View to a Kill, A

Reviewed By Thom
Posted 10/23/00 10:05:50

"Bombs and Boobs and Horse Races. Typical Bond Fare."
3 stars (Average)

James Bond. played by Roger Moore. Set in San Francisco. Also starring Grace Jones as the FIERCE assassin/bodyguard MayDay. Bad Man wants to steal all the computer chips in the world and then fix the price. James Bond action ensues.

Serious Bond fans may have their quibbles about who was the better Bond and which was the better Bond film, but I did not go see this movie as a Bond fan, but as a fan of Duran Duran, who recorded the theme song and Grace Jones.

I went to the premier of this film. It was a fund raiser for the then mayor Diane Feinstein's wayward youth program. The tickets were 150 dollars each and it was a black tie affair.

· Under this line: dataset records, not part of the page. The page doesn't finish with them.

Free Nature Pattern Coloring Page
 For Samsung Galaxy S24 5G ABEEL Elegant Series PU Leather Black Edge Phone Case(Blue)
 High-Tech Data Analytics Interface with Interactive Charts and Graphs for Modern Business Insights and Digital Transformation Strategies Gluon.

I was 15, I had no job and Duran Duran, who recorded the theme song and Grace Jones were going to be at the premier. It was THE status event to attend. Rubbing shoulders with rock stars. We don't have rock stars like that anymore. Not real ones. Just coached ones. Or maybe I just don't feel that way about rock stars anymore.

I used to steal purses at nightclubs when I was a teenager. And we stole this one purse and it turned out to be the manager's of the mall store my friend worked at. She had a diaphragm. And she also had two tickets to the premier. Oh My God, The Golden Ticket! I told my partner in crime that since I had taken the initial risk and absconded the bag that the bigger share should be mine and if she didn't agree, she'd just have to pry the tickets out of my cold, dead fingers. What a little asshole I was. I could give a fuck about her when we were talking about the opportunity to meet *swoon* Nick Rhodes (who didn't even show up at the premier).

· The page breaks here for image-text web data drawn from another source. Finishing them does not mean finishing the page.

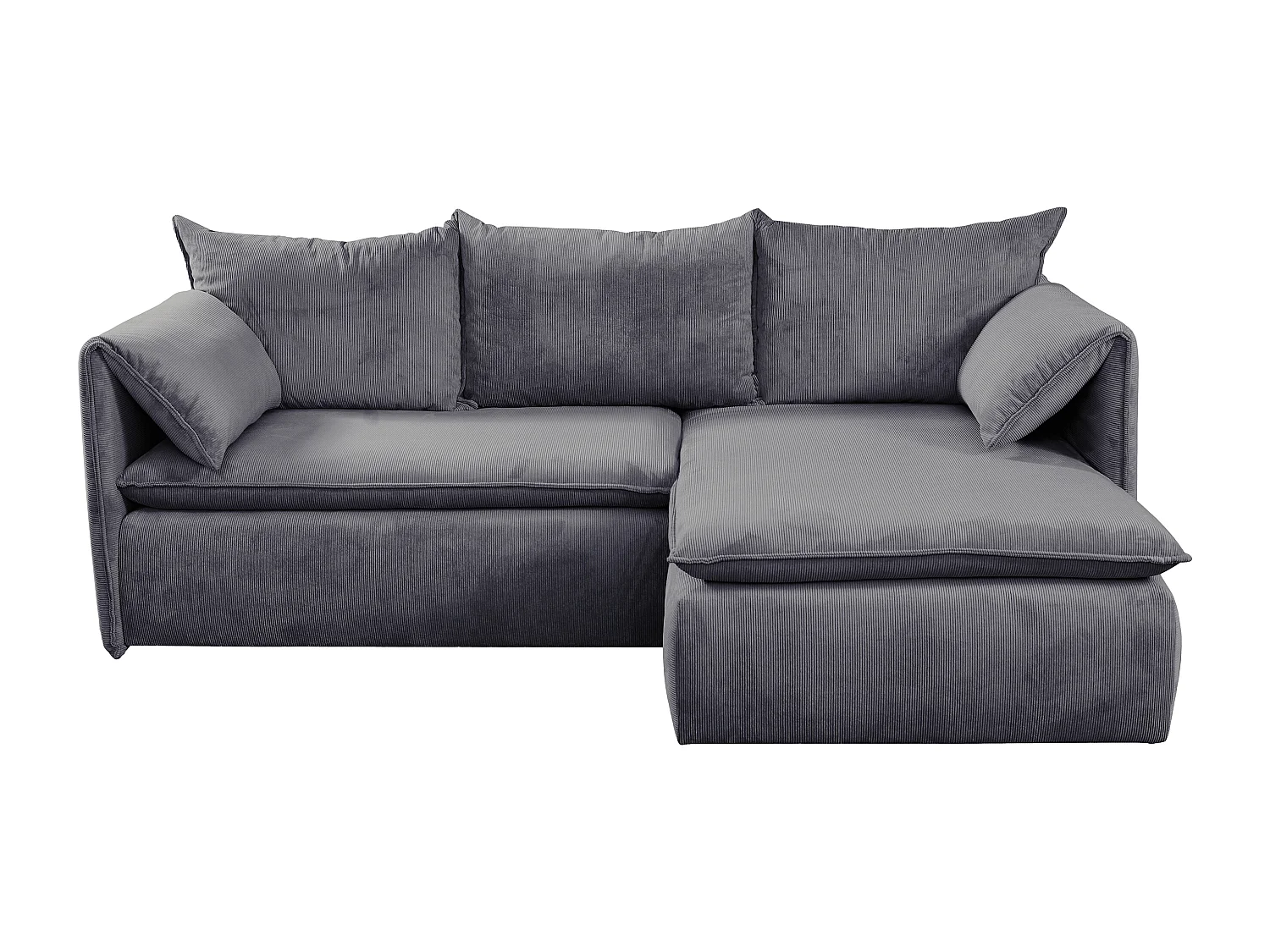 Canapé d'angle droit convertible en velours côtelé fines côtes bleu gris TEODORA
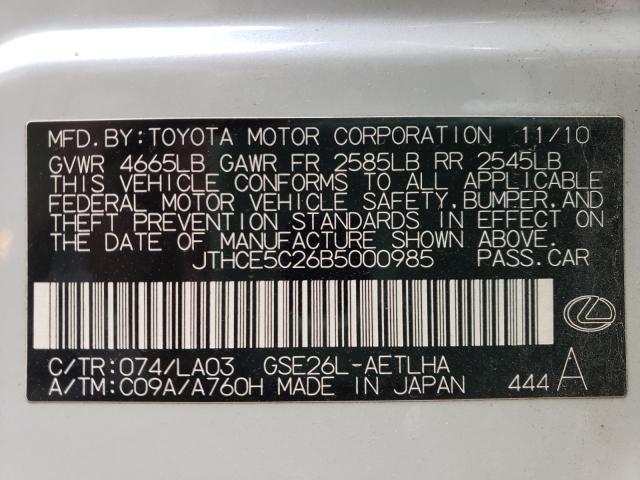 2011 LEXUS IS 350 JTHCE5C26B5000985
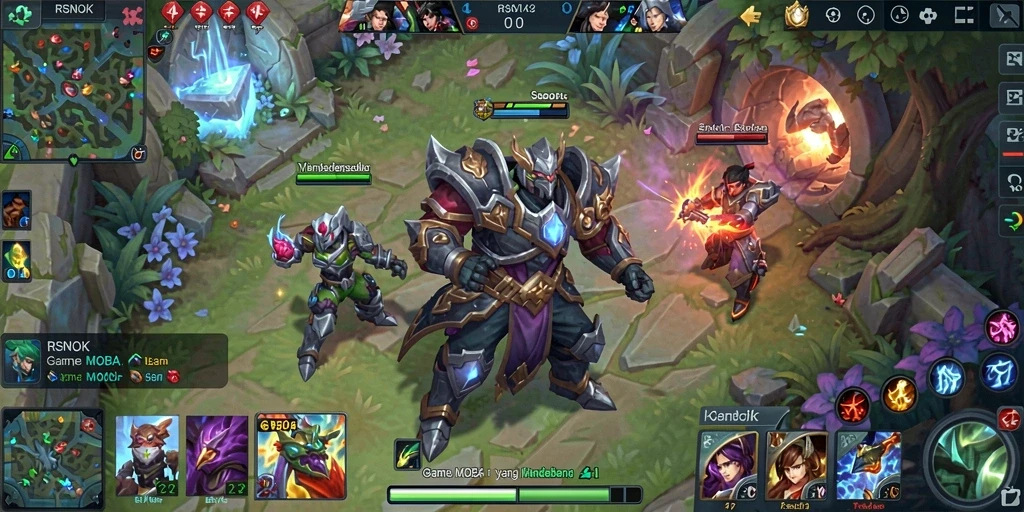 Gameplay seru dalam pertarungan MOBA yang epik.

But then, even after I rented the tux from Selix, promwear supplier to the western world, I had a wave of regret. That stupid wave would come back to haunt me many a time until I turned into a tree-hugging, bleeding-heart lib'ral. So I called the Mayor's office and told them what I told my parents, "I found these tickets". And they said, thank you. And I was bummed and I called my step-mom at work and said "We aren't going." But then a few hours later, someone from the office called back and said she'd like me to be a guest of the mayor for my honesty. WOOHOO! SHOWS BACK ON! I frantically call my step-mom at work again and say "okay, hurry home and change". We got there about 10 minutes before the film was to start so I didn't have that much time to marvel at the mountains of flavored popcorn and shrimp the size of my fist. Nor did I get to rub shoulders with any rock stars, who by that time were hiding safely backstage talking about supermodels and eating strawberries dipped in champagne.

I brought a camera to take pictures of the rock stars. I got back about 24 black photos littered with spots of everyone else's flashbulbs. It was like an orgasm when they brought out the stars out to introduce the film. Cameras were popping off everywhere, including mine. I think I took those 24 pictures in a couple of minutes.

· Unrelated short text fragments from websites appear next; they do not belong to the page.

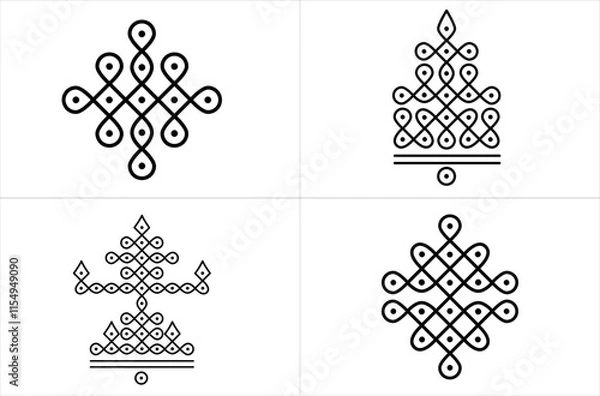 Fototapeta Set of Rangoli or Kolam design concept of line drawing isolated on white background - vector illustration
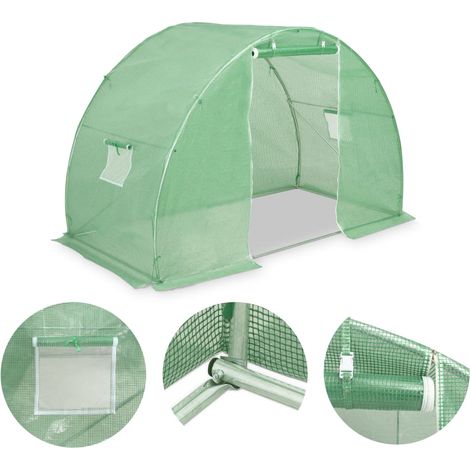 Serra tenda riparo piante fiori ortaggi 45 m² 300 x 150 x 200 cm verde 020044448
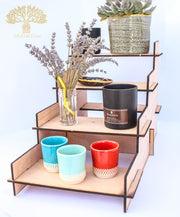 4Tires Single Wood Shelf Display Stand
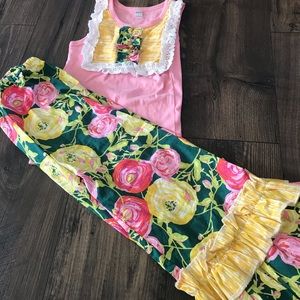 My Darling Bee ruffle bottom pant set.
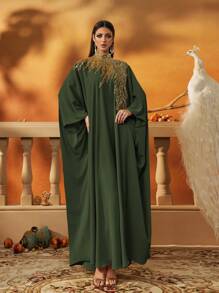 AmazingHoney Elegant Green Loose-Fit Kaftan Dress With Gold Sequin Embellishments, Party Modest Abaya, Formal Muslim Dress, Evening Gown,Abaya Dress (Loose Fit– Please Check Size Chart)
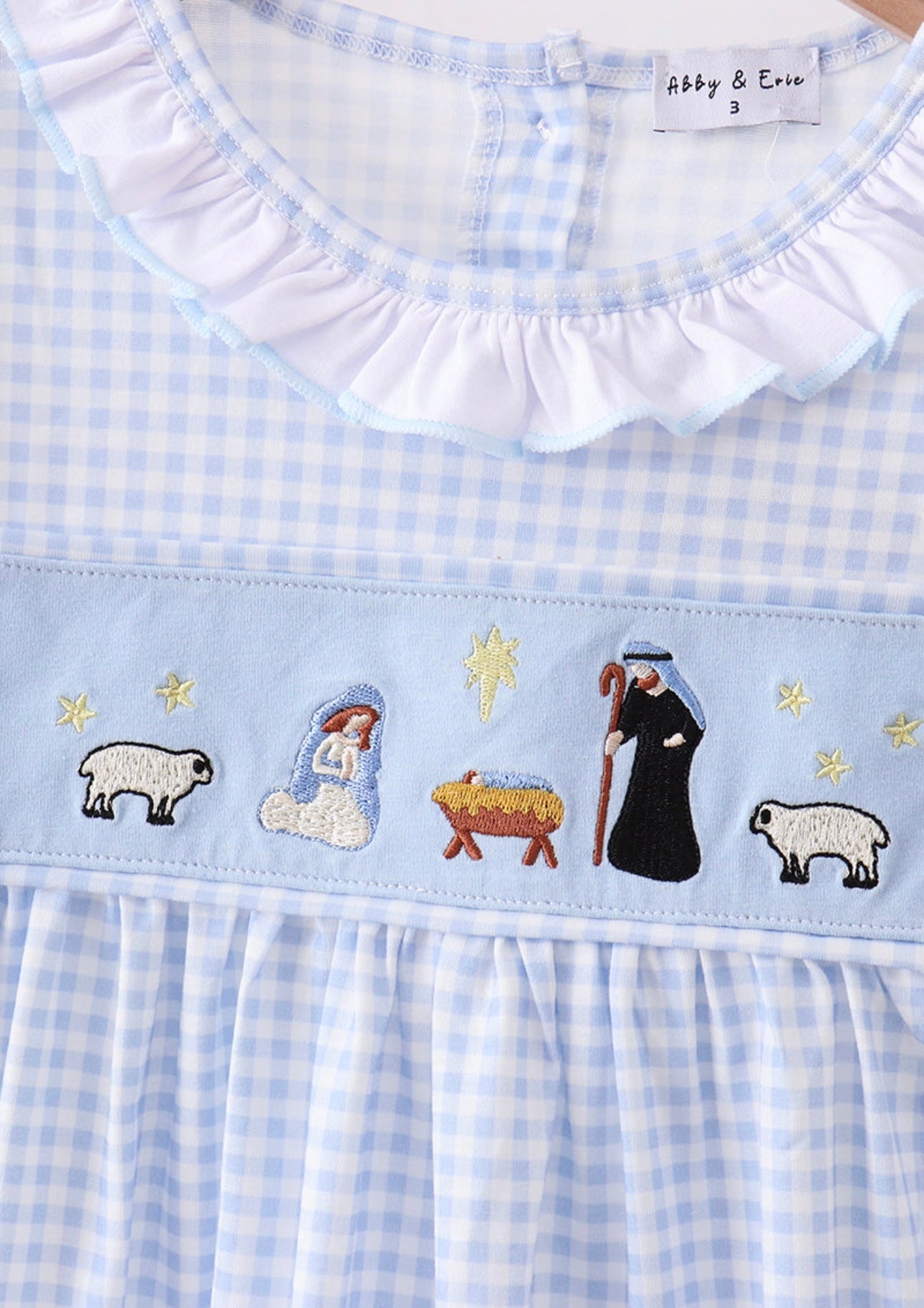 Blue Nativity Embroidery Pants Set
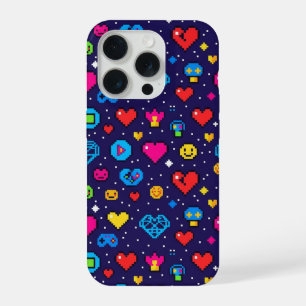 8-Bit Retro Gaming Pixelpatroon Hoesje voor Telefo iPhone 15 Pro Case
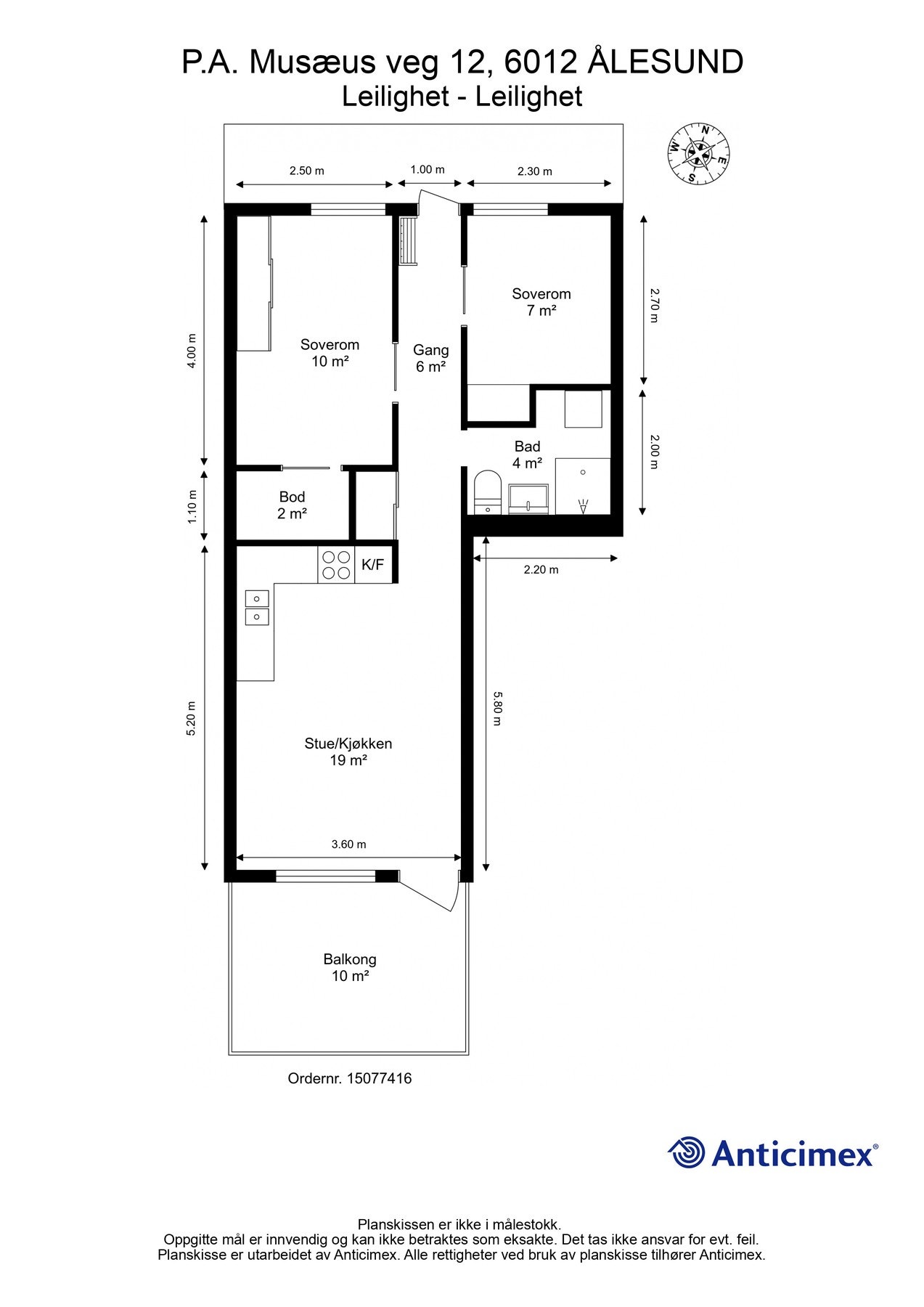 Plantegning. Leiligheten har en praktisk og arealeffektiv planløsning. Galleribilde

I grabbed a poster on the way out and walked into what I thought was broad daylight but was actually the floodlights lighting the red carpeted entrance, several feet from the barricaded people who didn't have tickets. Duran Duran was the most popular band in the world at that time so there were lots of screaming mimi's outside there and everytime the door opened a ripple of excitement would pass through the crowd. That is a very strange but not overwhelming feeling.

What really intimidated me was the bartender. I asked him how much a coke was. He was amused, I was embarassed. He handed me a coke, I slunk away in shame.